A married couple who are full-time ministers of Jehovah’s Witnesses moved to the Islets of Granada in November 2005. A few months later, when they invited the local people to the annual Memorial of Christ’s death, they were pleasantly surprised to have 76 present. This convinced the couple of the need to start holding regular Christian meetings in the area. Since a suitable location for such meetings was difficult to find, the pioneers pursued another idea. Why not build a floating Kingdom Hall that could be towed to different locations convenient to the people?

This enterprising couple, who had never designed or built anything that floats, set about the construction. They and six others worked on the project for a month. The new meeting place was to be a simple raft. It would consist of welded frames made of steel pipes holding together a dozen 40-gallon drums filled with compressed air for flotation. There would be a plywood floor, and a tarpaulin would serve as a roof. The workers prayed every night about the project because they were not sure that the hall would float. It did!

 The new Kingdom Hall was used for its first Public Meeting on June 10, 2006. The next day, it was towed to the other side of the archipelago in order to hold the same meeting for people there. The combined attendance of the two events was 48, despite the fact that some of the people had to walk more than half an hour through the jungle. All were delighted to have their own place of worship!

Meetings in this Kingdom Hall certainly have a local flavor. As the speaker gives his talk, the audience can hear in the background the sound of water gently lapping against the rocks or the occasional howl of a monkey off in the distance. The hall soon became quite a familiar sight to the islanders. They waved when they saw it being towed from one location to another. Every week, more than 20 people come to the floating Kingdom Hall for Christian fellowship and Bible education. What a treasure this has turned out to be!

On Ometepe Island

Some 30 miles [50 km] to the south of Granada lies Ometepe Island. The island’s natural beauty and its fertile soil have long made it a desirable place for habitation. In fact, the earliest evidence of agriculture in Nicaragua was found here. Today, Ometepe supports a population of some 42,000, who busy themselves with fishing and the cultivating of corn, bananas, coffee, and other crops. Here, too, the wildlife is splendid. There are flocks of screeching parrots, large magpie-jays that flash their blue and white plumage as they flit among the trees, and white-faced capuchin monkeys, a favorite with many.

The inhabitants of Ometepe are also well-served by proclaimers of the good news of God’s Kingdom. From 8 who were baptized in 1966, the number of Witnesses on Ometepe has grown to 183, in four thriving congregations. Each congregation has its own suitably located Kingdom Hall. Today, there is 1 Witness to every 230 people on the island.
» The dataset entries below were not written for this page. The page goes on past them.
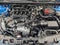 2026 Acura Integra CVT w/A-Spec Technology Package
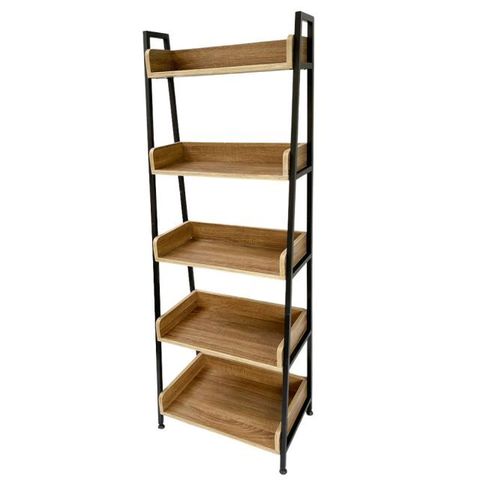 ke-sach-casan-5-tang-go-plywood-ks68115-01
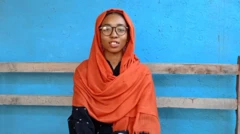 مارسيلين لوو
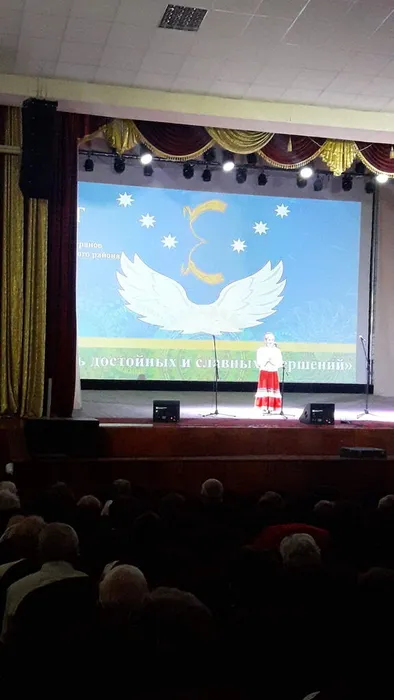 надя беспалая.jpg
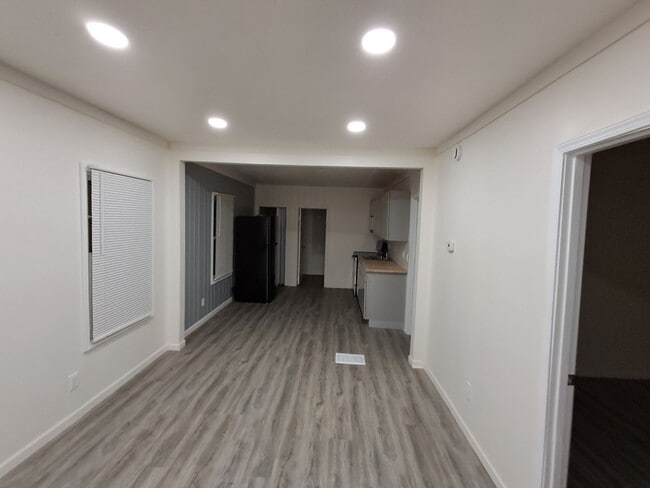 3912 Western Rd in Flint, MI - Building Photo - Building Photo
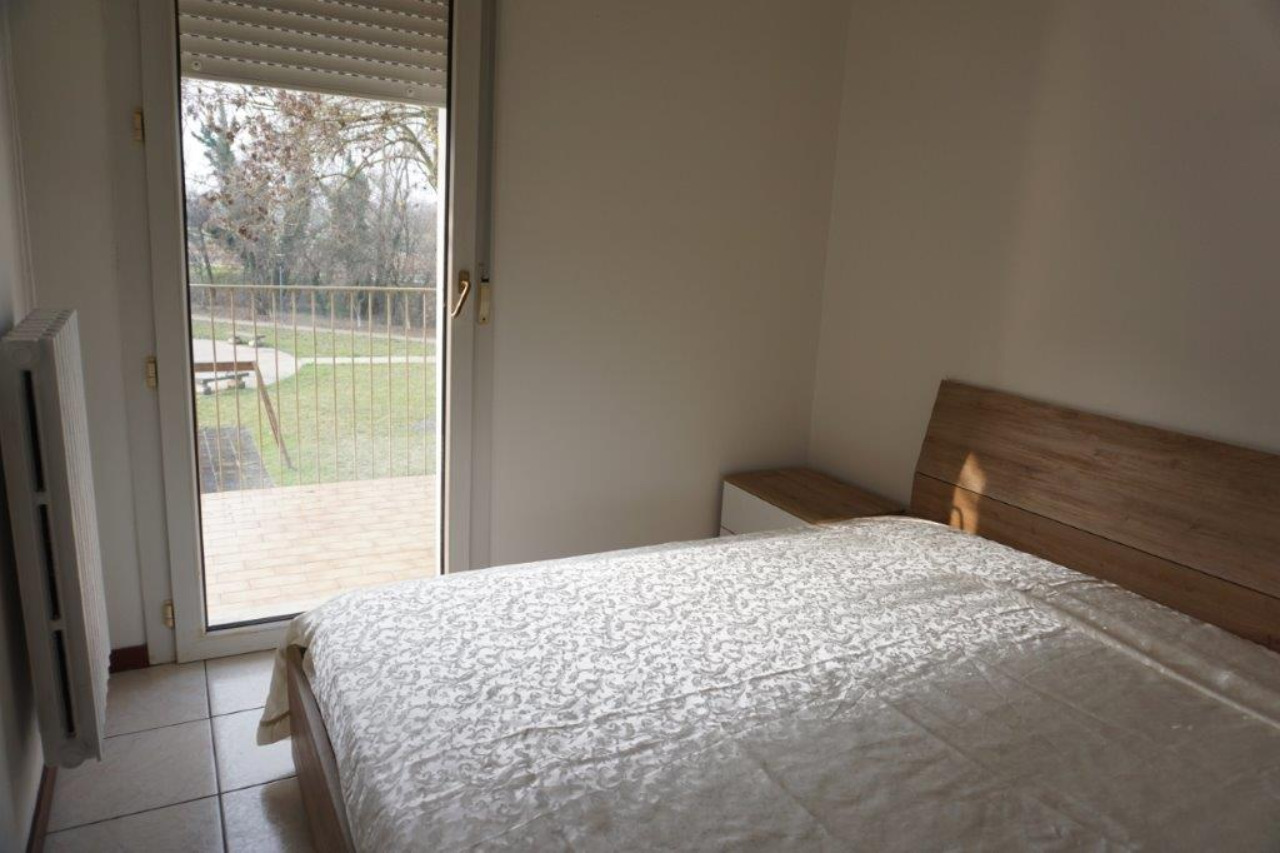 Appartamento in affitto a Quarto d'Altino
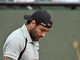 Internazionali, Berrettini furioso con arbitro: cos'è successo con Popyrin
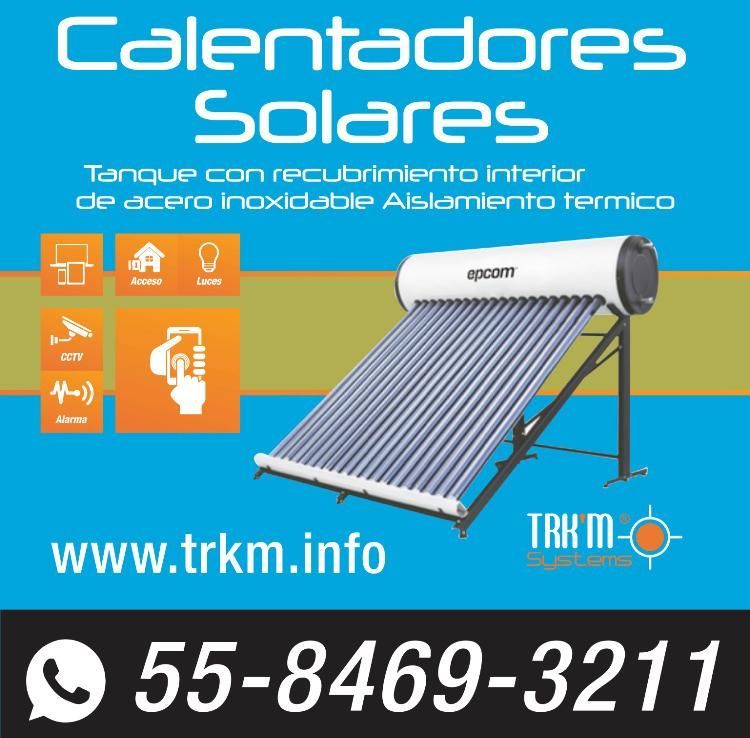 SERVICIOS DE EQUIPOS DE SEGURIDAD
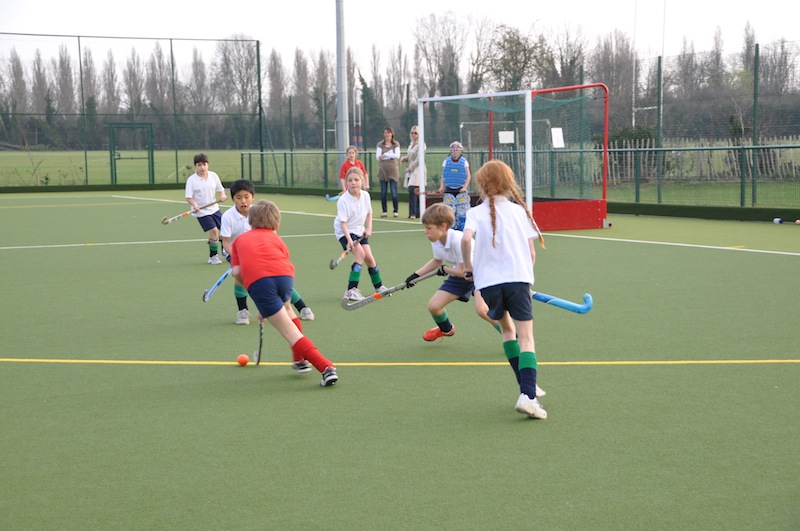 Harrodian School (London, United Kingdom) apply, prices, reviews Smapse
Jehovah’s Witnesses in Ometepe have faced difficulties over the years. For example, opposers burned down the Kingdom Hall in Mérida in 1980. Another hall was built in 1984. It was used until 2003 when a beautiful new Kingdom Hall was constructed, much to the joy of the 60 members of the local congregation.

In Moyogalpa, a Kingdom Hall was designed to accommodate larger gatherings when needed. A roof extends from the back of the hall, and a platform is built under it. In front of the platform, seats shaded by a canopy extend toward the back of the property. Here, local Witnesses and their friends from around the lake gather periodically for larger assemblies. At these gatherings, Lake Nicaragua offers a convenient location for baptizing new disciples of Jesus Christ.​—Matthew 28:19.

Treasures​—Will They Be Preserved?

Lake Nicaragua has always seemed invincible, perhaps because of its great size. But today it needs protection. Its water is threatened by contamination from agricultural and industrial runoff and sediment from deforested land.

Whether efforts by local residents and the government will improve matters remains to be seen. Even so, the Creator will see to it that all earth’s treasures, including its sparkling lakes, delightful islands, and magnificent wildlife, are preserved as a heritage for obedient mankind. “The righteous themselves will possess the earth,” the Bible tells us, “and they will reside forever upon it.”​—Psalm 37:29.